#### Action item
With the pictures left out, print exactly the lines below that run from the one containing "Profil côté gauche" through the one containing "Due bambini seduti".

(Captioned web image data)
+ + + + + + +
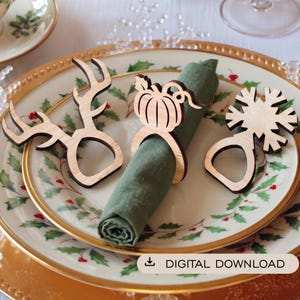 Può includere: Tre portatovaglioli in legno chiaro con disegni tagliati al laser a forma di corna di cervo, zucca e fiocco di neve. Un anello trattiene un tovagliolo di stoffa verde oliva arrotolato. L'immagine include il testo DIGITAL DOWNLOAD.
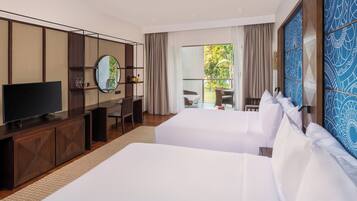 A hotel room with two beds, a TV, a desk, and a large window with a view of greenery.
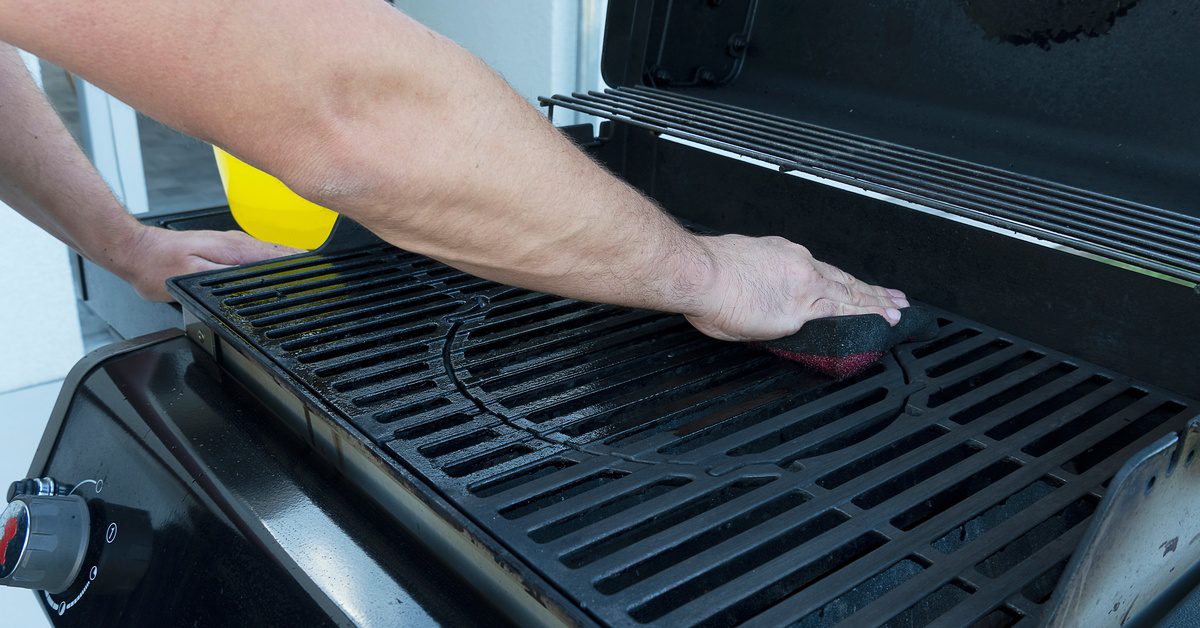 A close-up of an arm using a sponge to clean the interior of a metal grill with stainless-steel knobs and a cover.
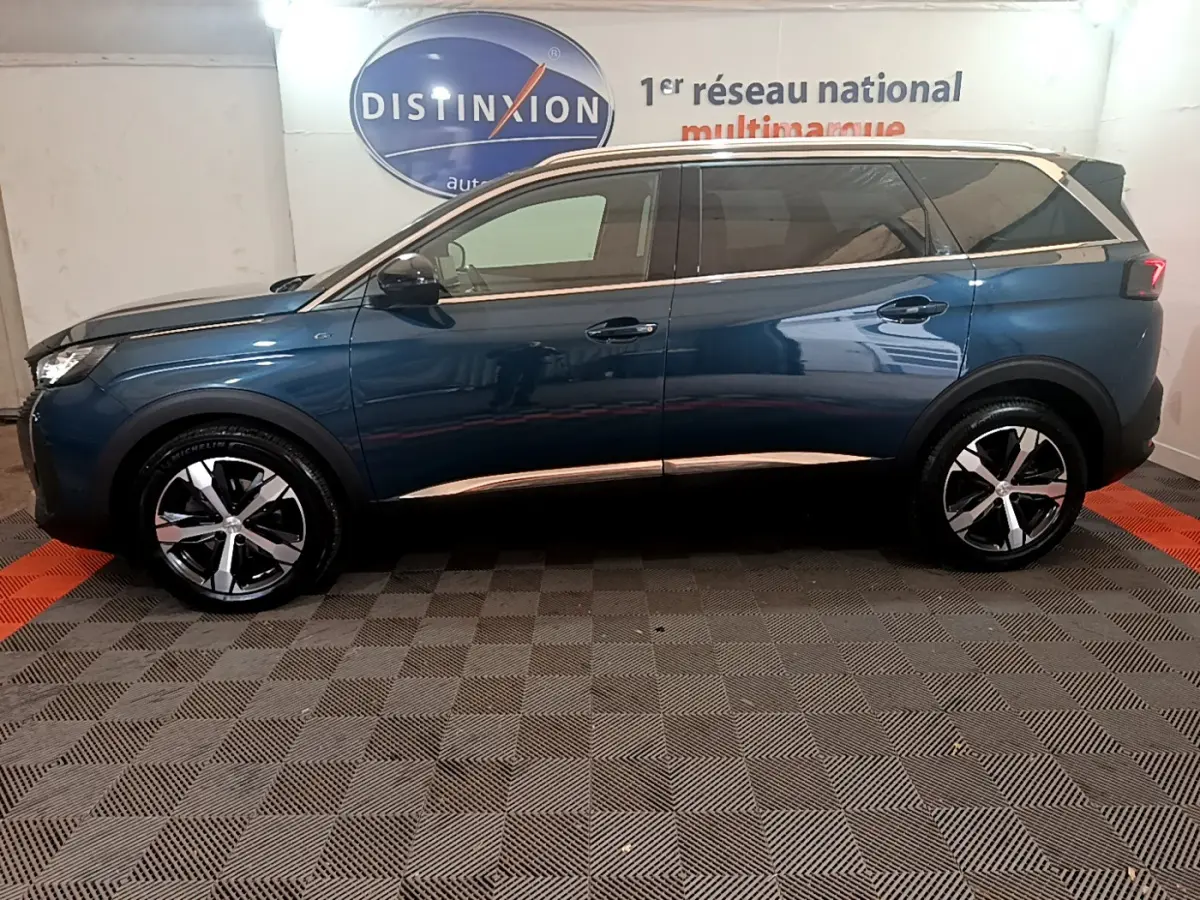 Profil côté gauche du Peugeot 5008 bleu 2021 avec jantes alliage et toit noir en intérieur showroom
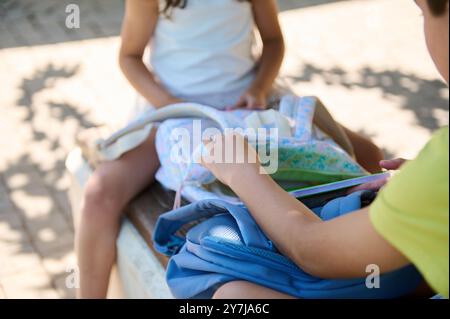 Due bambini seduti all'esterno, che esplorano il contenuto dei loro zaini in una giornata di sole. La scena cattura un momento di curiosità e amicizia. Foto Stock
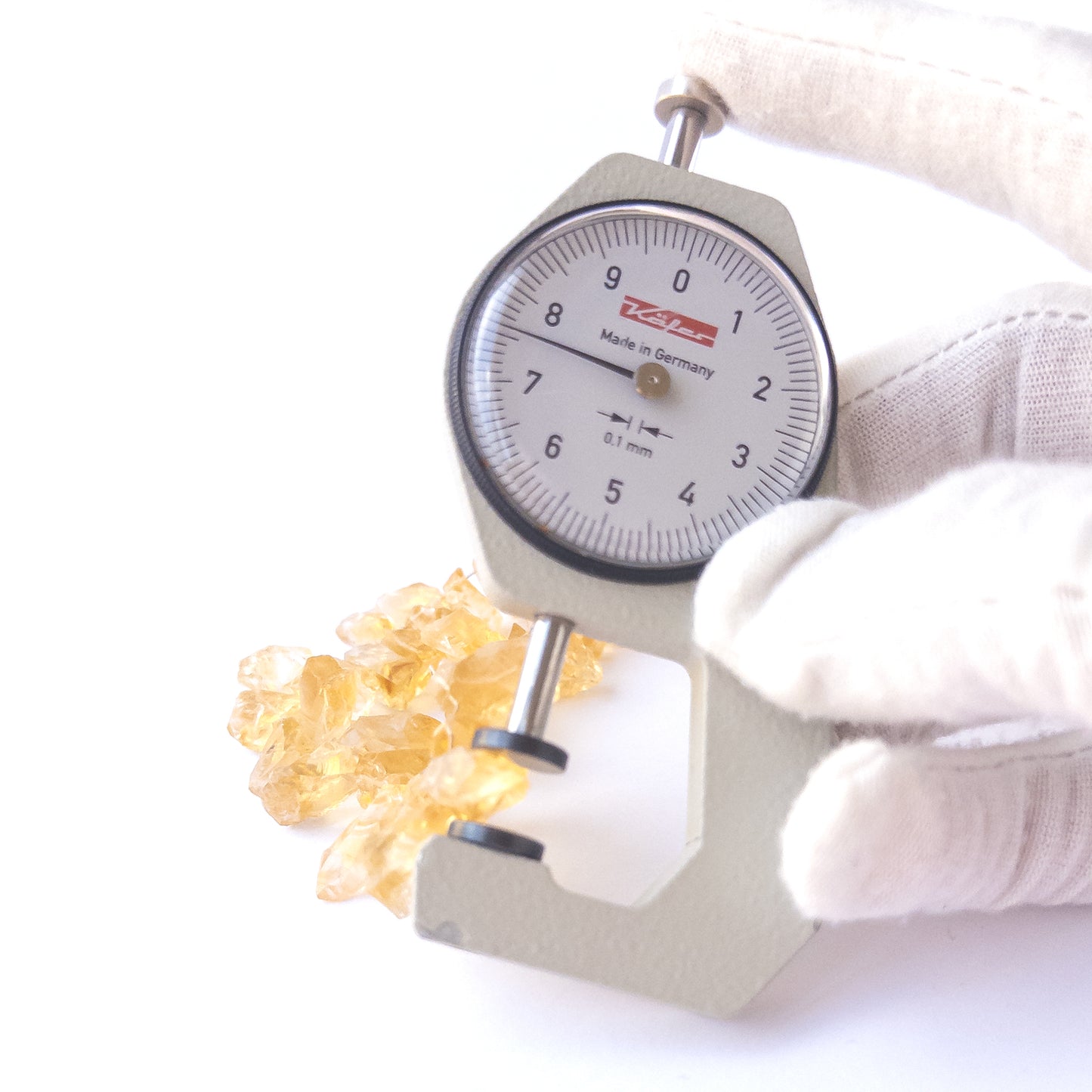 A dial gauge measures the Citrine drilled rough 5.5–9.5mm gemstone.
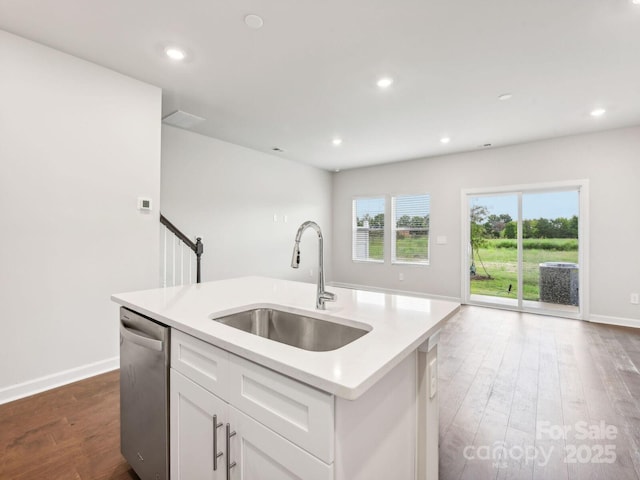 kitchen featuring a sink, dishwasher, dark wood-style floors, light countertops, and recessed lighting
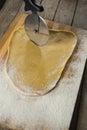 Cropped image of pastry cutter cutting dough
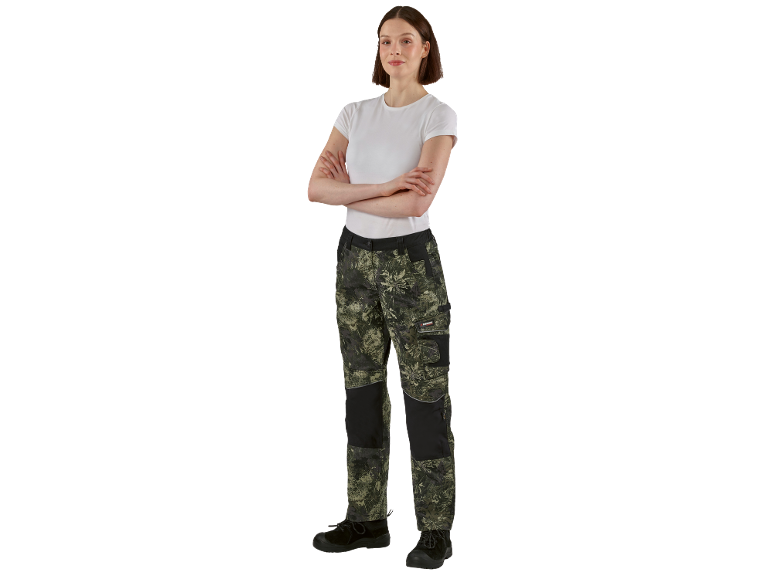 Donna in pantaloni da lavoro mimetici e maglietta bianca con le braccia incrociate.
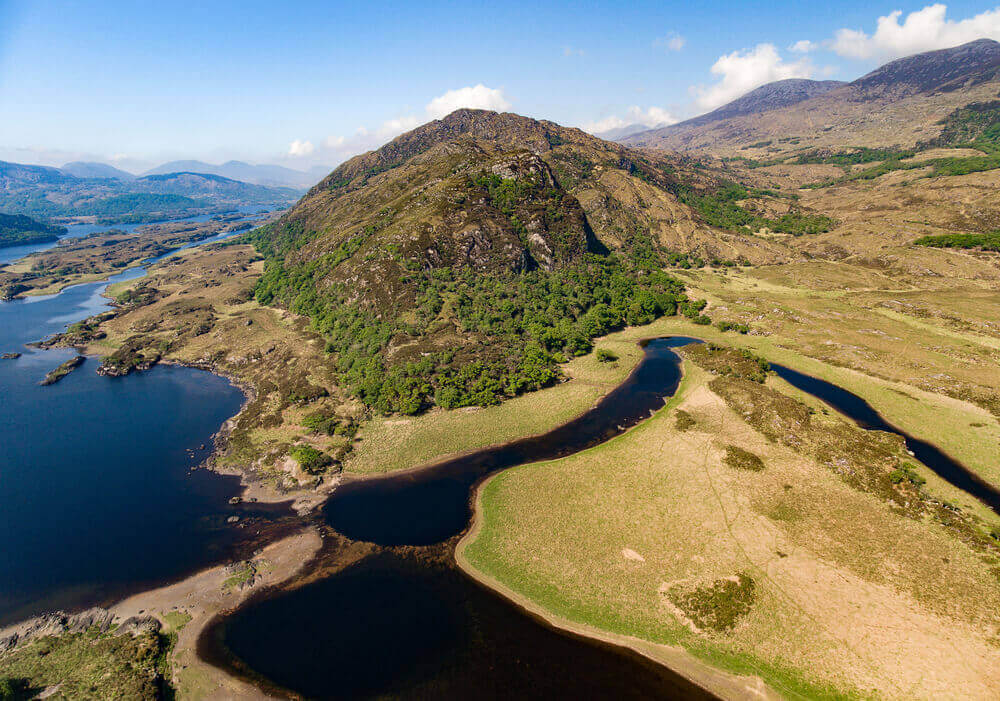 Aerial Panorama view Killarney National Park on the Ring of Kerry, County Kerry, Ireland. Beautiful panoramic scenic aerial of a natural irish countryside landscape. Part of the Wild Atlantic Way. Ireland road trip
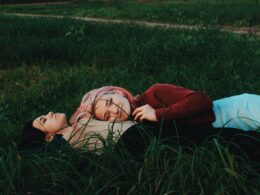 two women lying on green grass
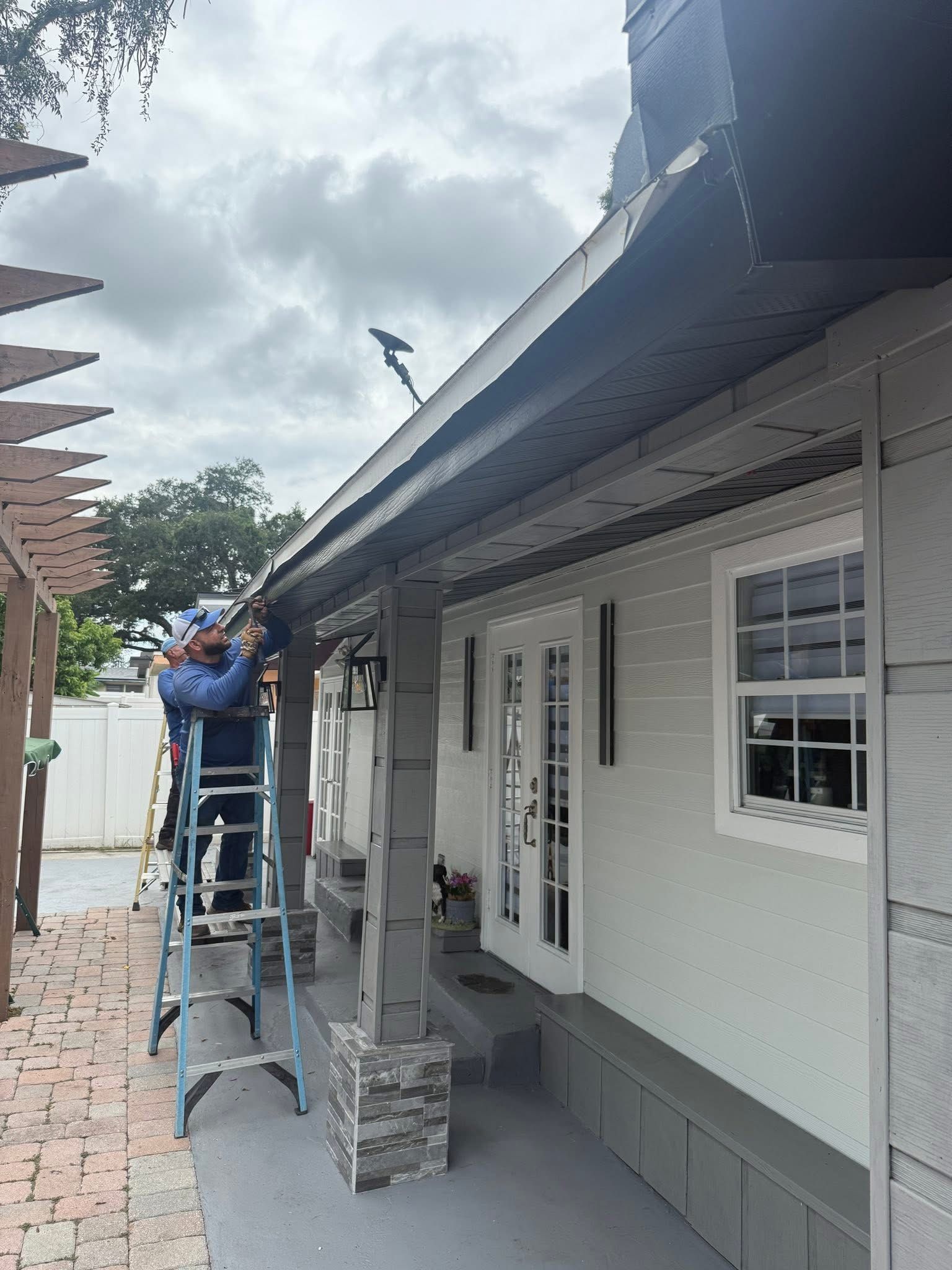 Worker on a ladder repairing the roof gutter beside a white house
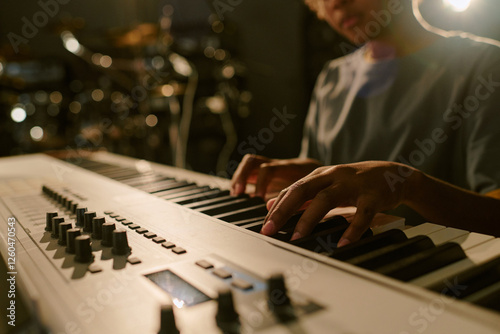 Medium close u p of unrecognizable teenager sitting at keyboard and pressing keys to create melody photo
+ + + + + + +
#### Reply
 Profil côté gauche du Peugeot 5008 bleu 2021 avec jantes alliage et toit noir en intérieur showroom
 Due bambini seduti all'esterno, che esplorano il contenuto dei loro zaini in una giornata di sole. La scena cattura un momento di curiosità e amicizia. Foto Stock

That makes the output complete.